Юрий Шатунов родился 6 сентября 1973 года в Башкирии.
После смерти матери, был взят на воспитание своей тётей, но на совсем взять она его не могла, и основное время Юрий Шатунов проводил в Акбулакском детском доме. Затем был переведён в Оренбургский детский дом №2, где и познакомился с поэтом и композитором Сергеем Кузнецовым, автором всех песен группы «Ласковый май». Это знакомство не было случайным.

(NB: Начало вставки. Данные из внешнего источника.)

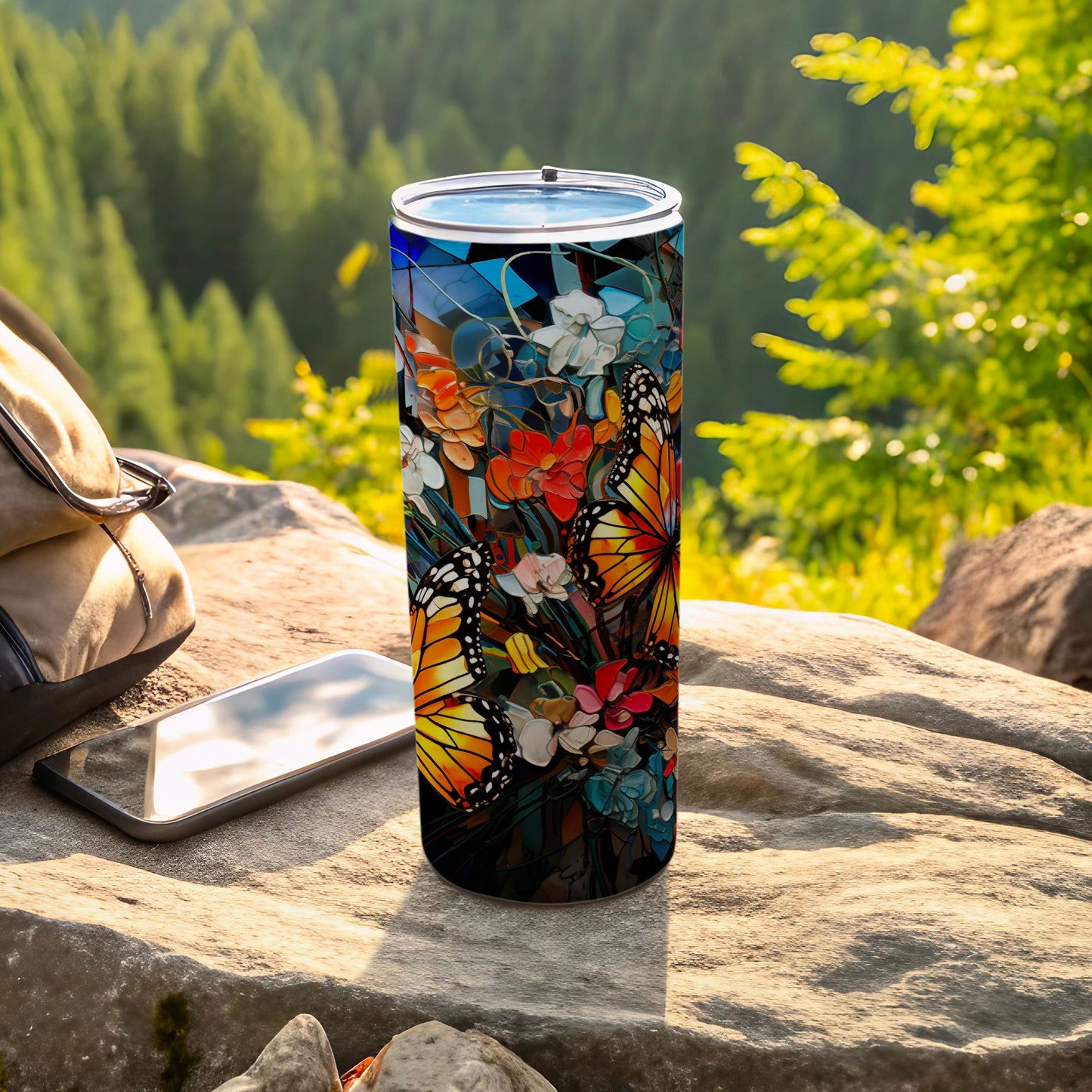 Stained Glass Butterfly Floral Design Tumbler product type
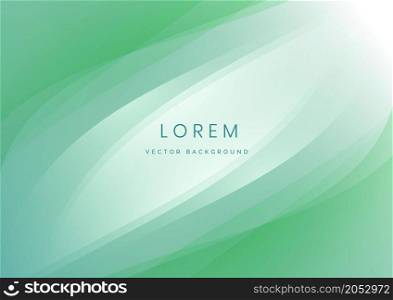 Abstract modern soft green gradient waves overlap background with copy space for text. Minimal concept. Vector illustration
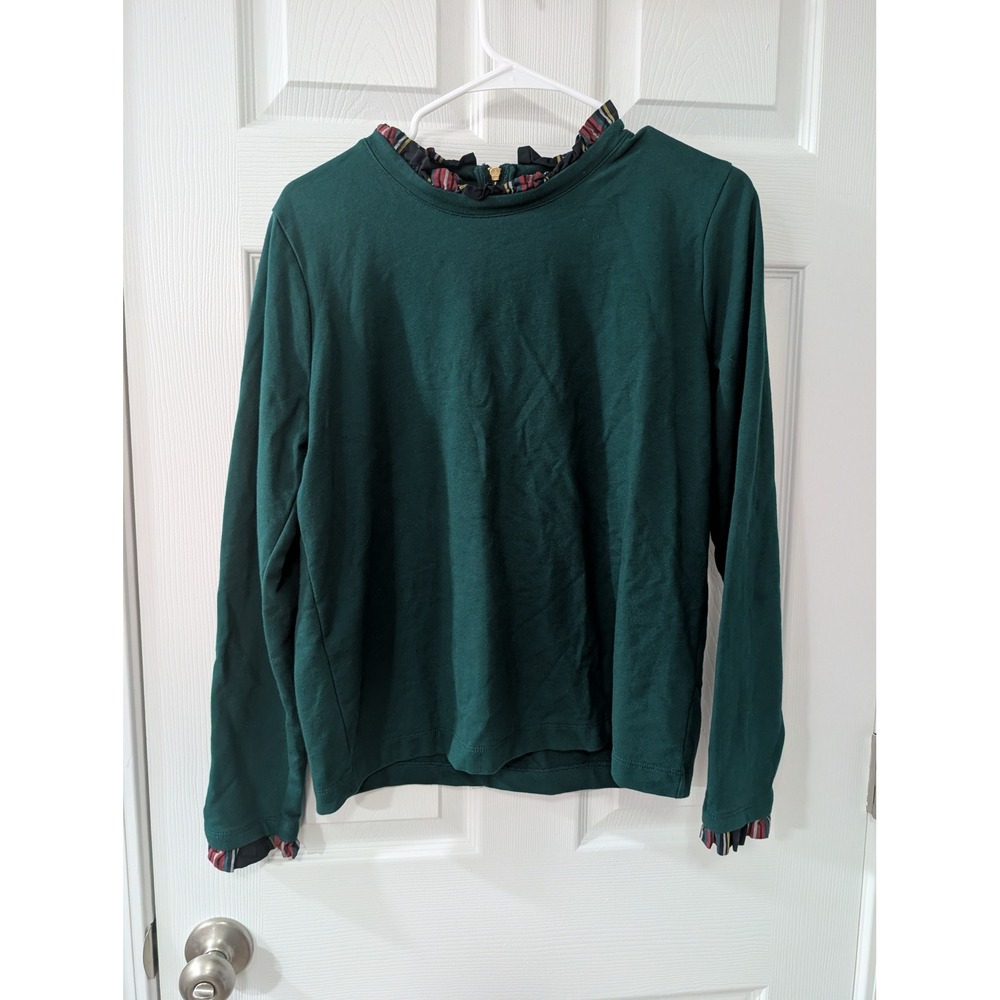 J. Crew, Wmns M Tartan Ruffle-Collar Pullover Blouse, Green, Crew Neck, Holiday - Picture 1 of 6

Вот что рассказывает об этом Сергей Кузнецов:
Старый директор интерната куда-то ушёл, а на его место перевели Валентину Николаевну Тазикенову, которая до этого руководила Акбулакским детдомом (это в области, неподалеку от Оренбурга). Из Акбулака она привезла в Оренбург несколько старших воспитанников и выпускников. Среди этой ударной бригады оказался и Слава Понаморёв. В Оренбурге Валентина Николаевна устроила Славу руководителем интернатского технического кружка. Пока Пономарев возился с картингами, ему было не до музыки. Но когда дела в техническом кружке пошли нормально — Слава заглянул в мою рабочую каморку. Не мог не заглянуть... По натуре он был музыкантом. Вернее, любителем музыки, как и я. Играл на гитаре.
Мы подружились.
Как-то я пожаловался Славе, что не могу найти солиста. Пономарев пожал плечами:
— Что ж ты раньше не сказал? Давай попробуем одного паренька из Акбулакского детдома. Ему тринадцать лет. Голос не знаю как, а слух — обалденный... Юрка Шатунов.
Я сказал:
— Вези...
Слава укатил в Акбулак и скоро вернулся с нахохленным, как чиж на мокрой ветке, подростком.
Я протянул ему гитару:
— Ну, давай, Лоретти из Акбулака, сбацай что-нибудь.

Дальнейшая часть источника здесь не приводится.